On July 10th the following anonymous notice was posted to the association sign on Indianola:
An illegal path has been cut through the woods from “our” park. The entrance to the path is located to the right of the pontoon slips. What are we going to do about this violation of “our” wetlands?
That path from the pontoon area of the Park is not new, and was originally cleared by the developer in 2006 to provide access to 20 lakefront parcels that the developer, Gold Krause, listed for sale. Partly as a response to that clearing, but also in response to claims made by the real estate salesman, the neighborhood initiated a lawsuit against the developer and the initial purchasers of those properties. The lawsuit concluded four years later in an out-of-court settlement between all parties, in which all agreed to maintain an easement from the Park, along the lakefront, to the last parcel (lot 95) at the southeast end of the lake. Specifically:
“grants across each of their respective lots an easement located next to or near Strawberry Lake, for the limited purpose of non-motorized ingress and egress for access to each of the Lots, 95-113, that are east of their burdened lot(s) for the benefit of the owner(s) of those easterly lots.”
The path extending from the Park is legal and is required of the 20 property owners – including the Associations and their three parcels.

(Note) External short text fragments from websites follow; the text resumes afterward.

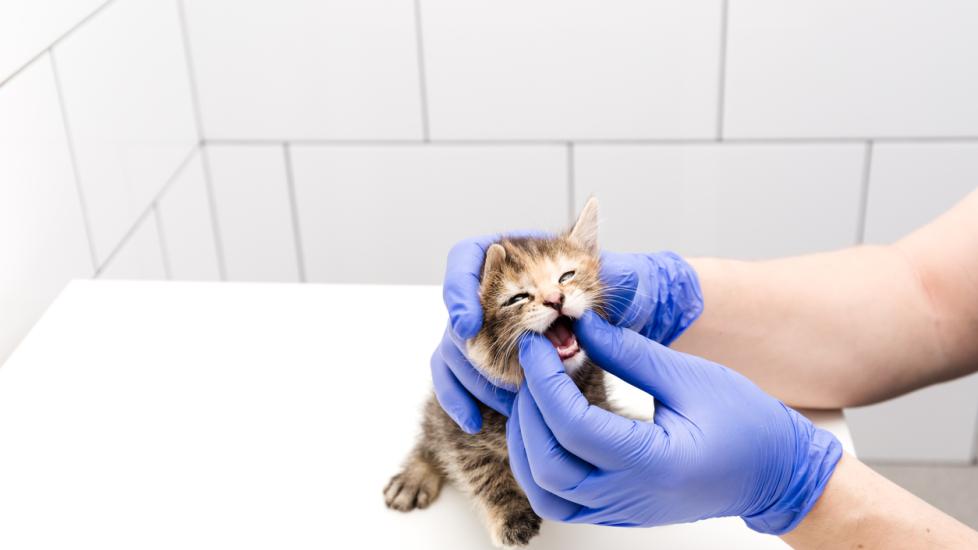 Feline Leukemia Virus (FeLV) | PetMD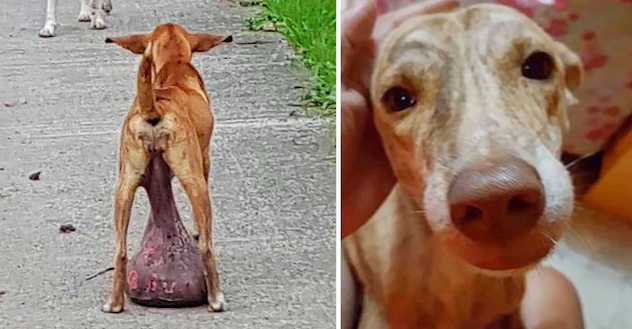 Hope Rises: Stray Dog’s Life Transformed After Massive Tumor Removal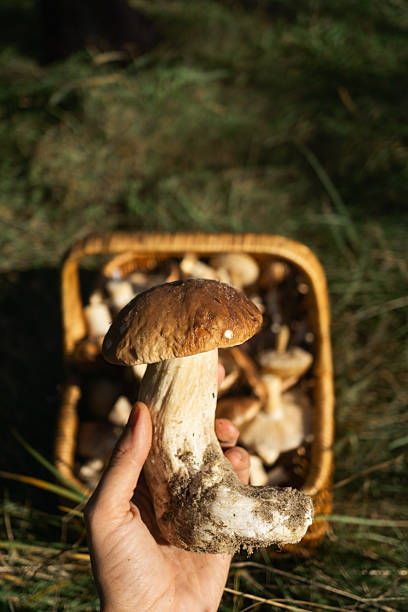 istock Vegan mushrooms harvested for sustainable nutrition and protein source 2245036366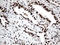 TFIIIC90 antibody, LS-C796411, Lifespan Biosciences, Immunohistochemistry paraffin image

For more details about this and many other stipulations contained in the settlement, please see the documents referenced on the lawsuit summary page on the website:
As a homeowner in the neighborhood, you are part-owner of three of the parcels along this trail, including lot #95 at the far southeast end of the lake. You are permitted to access the easement across these properties. If you get adventurous and decide to take that walk, be sure to wear good shoes or boots, and watch out for poison ivy. As you begin along the path, your first 100 feet will be crossing two parcels (#116 and 115) owned by the Associations. The easiest part of the journey will be walking on two old dock sections that were placed there by the Associations three years ago when a new aluminum dock was purchased by the Park Committee. Beyond that, you will encounter a rough trail littered with some discarded lumber (against DNR/DEQ regulations) and some areas covered with indigenous logs, branches and wood chips (permitted by DNR/DEQ regulations).